Would you please output the lines from the one holding "砂缸过滤器不锈钢泳池过滤水处理沙缸石英砂侧出式可定置过滤设备" to the end of the entries, exactly and with no others?
(Information shown begins)
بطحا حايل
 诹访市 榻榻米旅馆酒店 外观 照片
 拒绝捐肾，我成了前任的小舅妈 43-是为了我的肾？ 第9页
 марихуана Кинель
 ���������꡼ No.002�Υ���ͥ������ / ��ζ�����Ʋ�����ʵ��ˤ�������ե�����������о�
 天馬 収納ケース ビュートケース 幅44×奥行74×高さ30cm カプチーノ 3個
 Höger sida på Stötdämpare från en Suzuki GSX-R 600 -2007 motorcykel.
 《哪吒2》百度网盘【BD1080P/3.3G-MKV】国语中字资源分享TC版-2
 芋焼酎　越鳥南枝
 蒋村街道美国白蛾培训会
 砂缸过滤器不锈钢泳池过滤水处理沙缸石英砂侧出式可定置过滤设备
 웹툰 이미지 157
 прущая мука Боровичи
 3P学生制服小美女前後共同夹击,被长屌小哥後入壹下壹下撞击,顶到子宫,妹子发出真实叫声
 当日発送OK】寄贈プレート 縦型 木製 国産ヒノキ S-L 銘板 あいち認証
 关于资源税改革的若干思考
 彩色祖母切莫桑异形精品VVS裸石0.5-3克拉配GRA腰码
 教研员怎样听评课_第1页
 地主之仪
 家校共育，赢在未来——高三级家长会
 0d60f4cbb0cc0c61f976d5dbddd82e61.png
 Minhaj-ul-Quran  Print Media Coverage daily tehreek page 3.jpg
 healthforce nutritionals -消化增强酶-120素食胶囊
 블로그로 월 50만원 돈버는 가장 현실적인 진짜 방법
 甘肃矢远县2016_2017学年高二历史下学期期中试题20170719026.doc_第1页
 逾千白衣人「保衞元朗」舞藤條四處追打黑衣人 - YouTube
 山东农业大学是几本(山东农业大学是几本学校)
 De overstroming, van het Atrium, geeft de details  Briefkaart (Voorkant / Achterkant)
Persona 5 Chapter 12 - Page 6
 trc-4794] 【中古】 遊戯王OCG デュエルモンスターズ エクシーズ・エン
(Information shown ends)
§ Task answer
 砂缸过滤器不锈钢泳池过滤水处理沙缸石英砂侧出式可定置过滤设备
 웹툰 이미지 157
 прущая мука Боровичи
 3P学生制服小美女前後共同夹击,被长屌小哥後入壹下壹下撞击,顶到子宫,妹子发出真实叫声
 当日発送OK】寄贈プレート 縦型 木製 国産ヒノキ S-L 銘板 あいち認証
 关于资源税改革的若干思考
 彩色祖母切莫桑异形精品VVS裸石0.5-3克拉配GRA腰码
 教研员怎样听评课_第1页
 地主之仪
 家校共育，赢在未来——高三级家长会
 0d60f4cbb0cc0c61f976d5dbddd82e61.png
 Minhaj-ul-Quran  Print Media Coverage daily tehreek page 3.jpg
 healthforce nutritionals -消化增强酶-120素食胶囊
 블로그로 월 50만원 돈버는 가장 현실적인 진짜 방법
 甘肃矢远县2016_2017学年高二历史下学期期中试题20170719026.doc_第1页
 逾千白衣人「保衞元朗」舞藤條四處追打黑衣人 - YouTube
 山东农业大学是几本(山东农业大学是几本学校)
 De overstroming, van het Atrium, geeft de details  Briefkaart (Voorkant / Achterkant)
Persona 5 Chapter 12 - Page 6
 trc-4794] 【中古】 遊戯王OCG デュエルモンスターズ エクシーズ・エン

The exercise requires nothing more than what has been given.